Facial recognition technology can enable widespread surveillance and erode human rights, warns Canada’s privacy commissioner. (iStock)

Privacy watchdog warns facial recognition tools endanger human rights

Facial recognition technology can enable widespread surveillance, provide biased results and erode other human rights, says Canada’s privacy commissioner. In a presentation to a parliamentary committee, Daniel Therrien warned that the technology has the potential to be “extremely privacy invasive.” 

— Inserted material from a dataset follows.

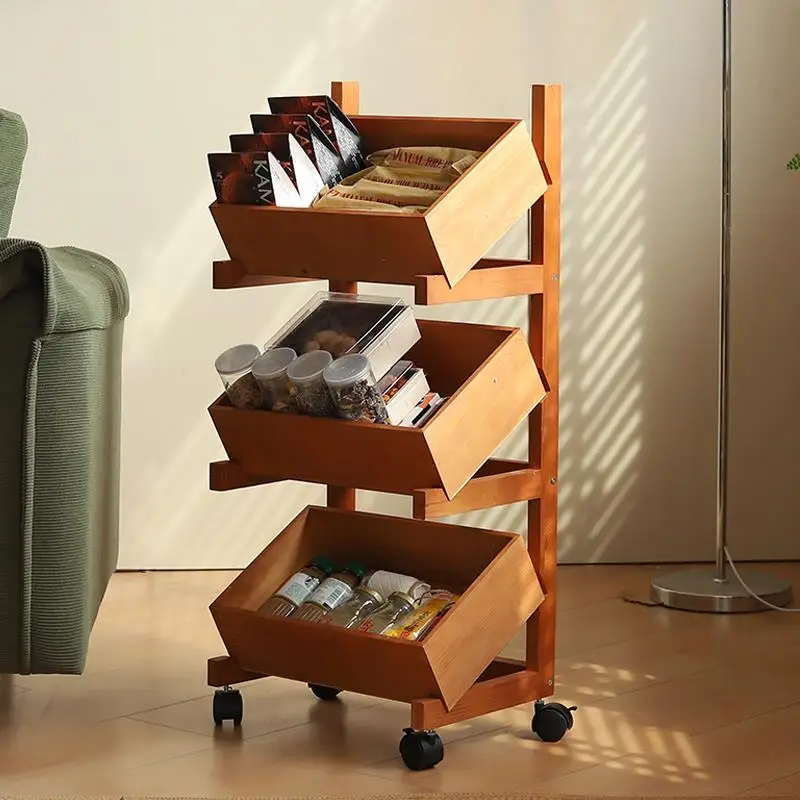 

Solid wood cart rack Living room fruit snack display rack Kitchen vegetable storage Movable multi-grid display rack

A case involving the Clearview AI company was used to illustrate the dangers. In February 2021, Therrien and three provincial privacy commissioners found that the firm had violated Canadian privacy laws when it collected more than three billion images of Canadians without their knowledge or consent. It then allowed law enforcement groups and companies to compare photos to this database. Despite the commissioners’ findings, the company refused to follow recommendations that included deleting Canadians’ photos. 

’The freedom to live and develop free from surveillance is a fundamental human right,’ said Privacy Commissioner Daniel Therrien. (Adrian Wyld/The Canadian Press/file)

‘This is not the kind of society we want to live in’

“The Clearview case demonstrates how citizens are vulnerable to mass surveillance, facilitated by the use of facial recognition technology,” said Therrien to the committee. “This is not the kind of society we want to live in. The freedom to live and develop free from surveillance is a fundamental human right…The right to privacy is a prior condition to the exercise of other rights in our society. Poorly regulated uses of facial recognition technology therefore not only pose serious risks to privacy rights but also impact the ability to exercise other rights such as freedom of expression and association, equality, and democracy.”

The federal government recently introduced proposals that would modernize Canada’s privacy law. Therrien said the proposed new legislation needs significant amendments to reduce the risks from facial recognition technology. He said  that where there is a conflict between commercial objectives and privacy protection, Canadians’ privacy rights should prevail, and that accountability measures are needed to protect Canadians. He also called for strong compliancy mechanisms that provide quick and effective remedies for individuals. 

“The nature of the risks posed by facial recognition technology calls for collective reflection on the limits of acceptable use of this technology,” concluded Therrien. “These limits should be defined not only by the risks associated with specific facial recognition initiatives, but by taking into account the aggregate societal effects of all such initiatives over time.”